At the MIT CIO conference today. About 800 attendees signed up. About 700 showed up across the day. Most found something worthwhile.

First panel: CEO Strategy: Emerging Stronger from the Downturn

Sundar Subramanian, CEO of Knome and Cambridge Technology Enterprises created an analogy. The CIO's right hand is everything to make IT run securely and efficiently. The CIO's left hand is everything done to start innovation. The methodology and discipline which makes the right hand successful does not work for the left hand.

Bob Burke, CEO of ATG on switching to a SaaS model: You need to set the direction, then burn the ships so you can't go back. Your team must be committed to making the new direction work.

All the panelists note that their are people who are great at doing the right hand work and people who are great at doing the left hand work, but it is rare to find someone who can do both well. They recommend having different people focused on each. The CIO being the right handed person and the CTO being the left handed person. Innovation needs to be spun out of the conservative Type-A IT department to succeed.

Bob Brennan, Iron Mountain CEO, recalling a quote he read recently, "If you don't like change, you're going to like irrelevance even less."
General Eric Shinseki, Chief of Staff, U.S. Army as quoted by Tom Peters in Reimagine, DK 2003

Second good panel: How do CIOs Drive Innovation?

CIOs should implement ideation technology to gather and prioritize the thousands of possible innovation ideas from employees, service providers, top local universities, and partners.

Do not depend on just the IT department to create innovation.
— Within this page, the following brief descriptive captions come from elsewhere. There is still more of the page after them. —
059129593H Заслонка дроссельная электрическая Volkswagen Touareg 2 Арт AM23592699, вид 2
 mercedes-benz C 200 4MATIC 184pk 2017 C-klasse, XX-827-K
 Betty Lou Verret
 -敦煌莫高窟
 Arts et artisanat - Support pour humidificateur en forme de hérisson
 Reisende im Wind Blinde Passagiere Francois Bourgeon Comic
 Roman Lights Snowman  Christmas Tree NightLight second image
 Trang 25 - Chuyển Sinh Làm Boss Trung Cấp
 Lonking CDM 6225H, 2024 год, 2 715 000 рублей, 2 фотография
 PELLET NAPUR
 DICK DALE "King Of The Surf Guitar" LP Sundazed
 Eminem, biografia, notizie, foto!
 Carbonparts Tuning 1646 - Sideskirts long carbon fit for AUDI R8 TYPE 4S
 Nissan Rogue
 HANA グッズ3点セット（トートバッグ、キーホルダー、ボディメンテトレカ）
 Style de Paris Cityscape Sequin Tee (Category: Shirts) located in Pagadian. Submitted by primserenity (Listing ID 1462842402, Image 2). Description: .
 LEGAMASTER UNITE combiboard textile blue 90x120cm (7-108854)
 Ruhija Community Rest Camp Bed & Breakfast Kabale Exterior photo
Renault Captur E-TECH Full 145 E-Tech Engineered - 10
Once the top innovation ideas are determined, get the innovators the right resources such as:

  • some customers willing to discuss the idea and experiment with it.
  • necessary data and system access to build prototypes of their solutions
  • funding and C-level support

Innovation ideas should gather momentum or fail fast. Document key assumptions for success, then test them quickly. One key assumption is: Does the innovation engage people quickly?

At the end of the panel, cloudTP asked the panel moderator to ask the audience what was limiting them from innovation. By show of hands, the main issus were cultural and organizational. Funding was only an issue for 3 of 80+ attendees. One attendee shouted out, "resources and timing".

After the session while speaking with Forrester analyst Chris Andrews, he indicated that the key barrier was lack of an innovation strategy and an innovation task force. This seems like a great way to start the transformation from being a maintenance-driven CIO to one who enables innovation.

Third good panel: How do CIOs use Cloud Computing

Gartner analyst notes, "Business buys cloud computing, not IT".